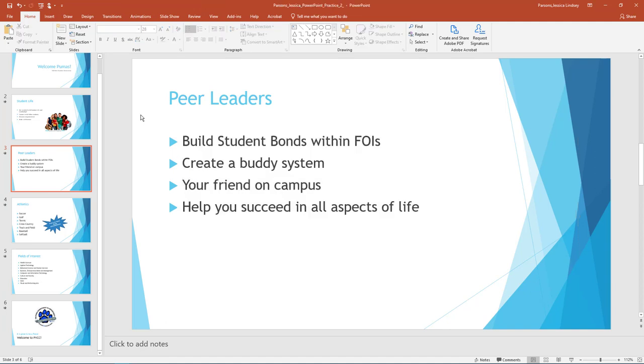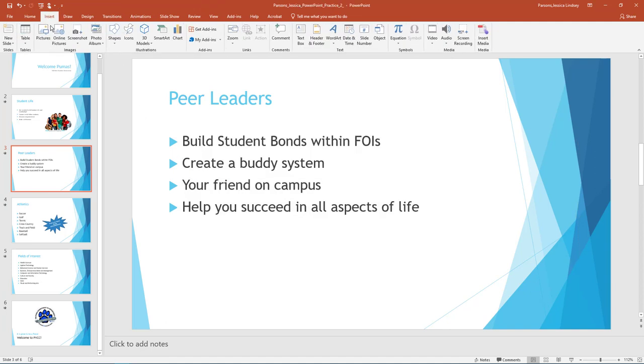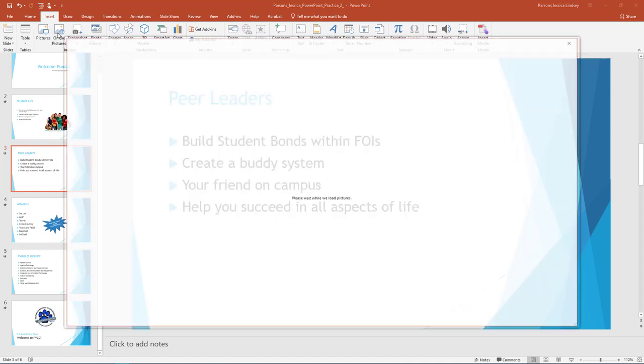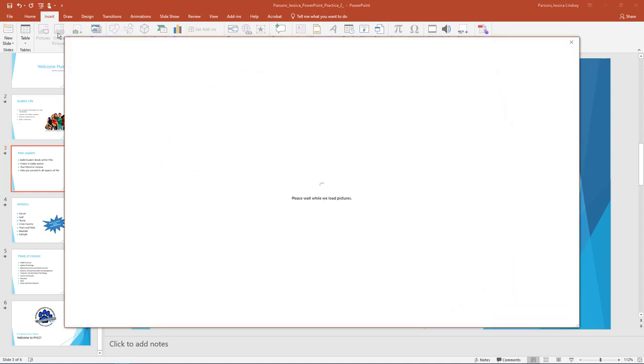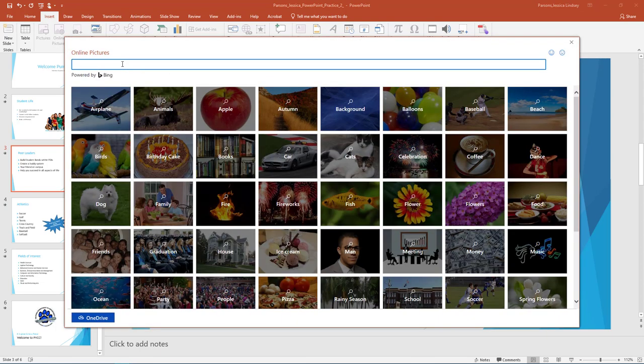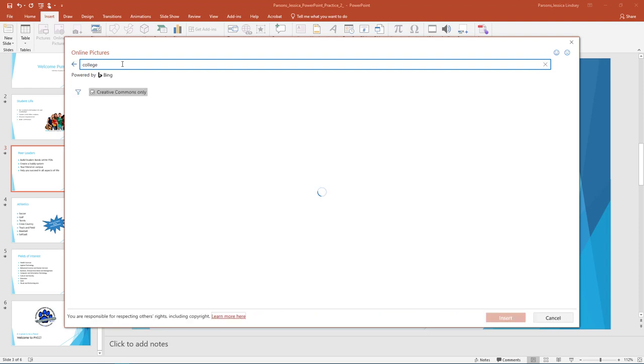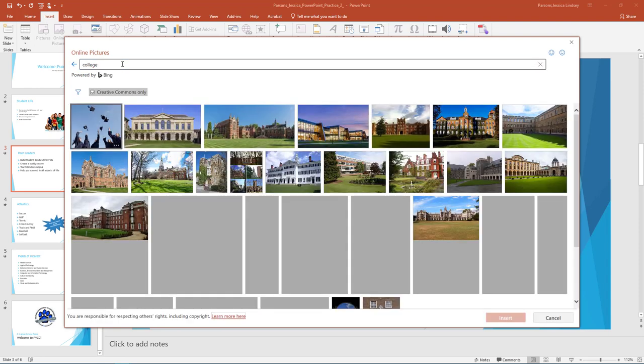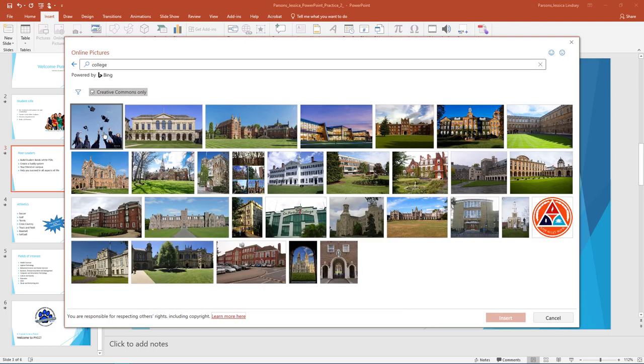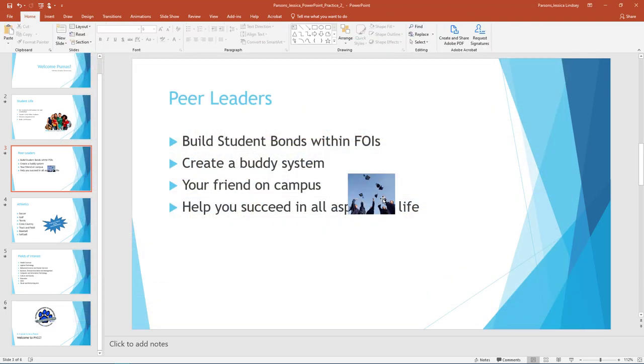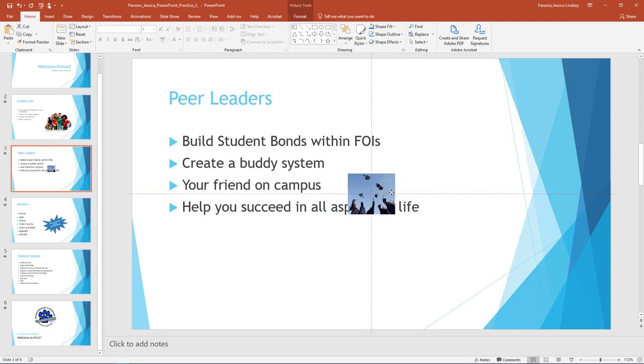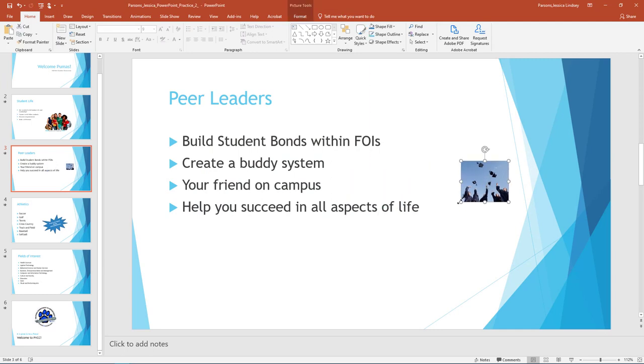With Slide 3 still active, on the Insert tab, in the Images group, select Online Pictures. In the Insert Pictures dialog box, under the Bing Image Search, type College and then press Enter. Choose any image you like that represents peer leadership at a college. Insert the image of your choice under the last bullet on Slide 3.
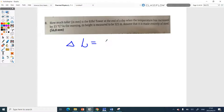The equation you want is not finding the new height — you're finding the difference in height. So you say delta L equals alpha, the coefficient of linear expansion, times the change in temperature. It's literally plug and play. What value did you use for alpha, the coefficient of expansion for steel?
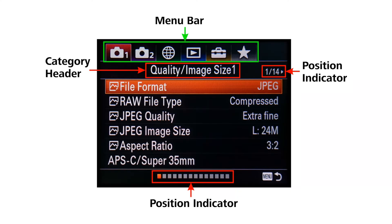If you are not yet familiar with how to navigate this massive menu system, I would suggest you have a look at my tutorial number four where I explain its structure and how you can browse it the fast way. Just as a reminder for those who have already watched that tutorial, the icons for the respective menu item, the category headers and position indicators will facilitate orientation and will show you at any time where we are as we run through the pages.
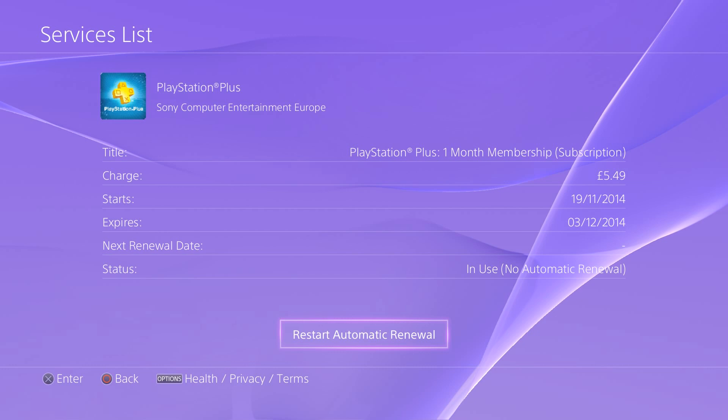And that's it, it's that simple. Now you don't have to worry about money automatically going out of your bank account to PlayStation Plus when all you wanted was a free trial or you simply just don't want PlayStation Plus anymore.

→ Task to complete
Make an exact copy of the data, leaving its pictures out.

→ Completed exercise
With Slide 3 still active, on the Insert tab, in the Images group, select Online Pictures. In the Insert Pictures dialog box, under the Bing Image Search, type College and then press Enter. Choose any image you like that represents peer leadership at a college. Insert the image of your choice under the last bullet on Slide 3.
The equation you want is not finding the new height — you're finding the difference in height. So you say delta L equals alpha, the coefficient of linear expansion, times the change in temperature. It's literally plug and play. What value did you use for alpha, the coefficient of expansion for steel?
If you are not yet familiar with how to navigate this massive menu system, I would suggest you have a look at my tutorial number four where I explain its structure and how you can browse it the fast way. Just as a reminder for those who have already watched that tutorial, the icons for the respective menu item, the category headers and position indicators will facilitate orientation and will show you at any time where we are as we run through the pages.
And that's it, it's that simple. Now you don't have to worry about money automatically going out of your bank account to PlayStation Plus when all you wanted was a free trial or you simply just don't want PlayStation Plus anymore.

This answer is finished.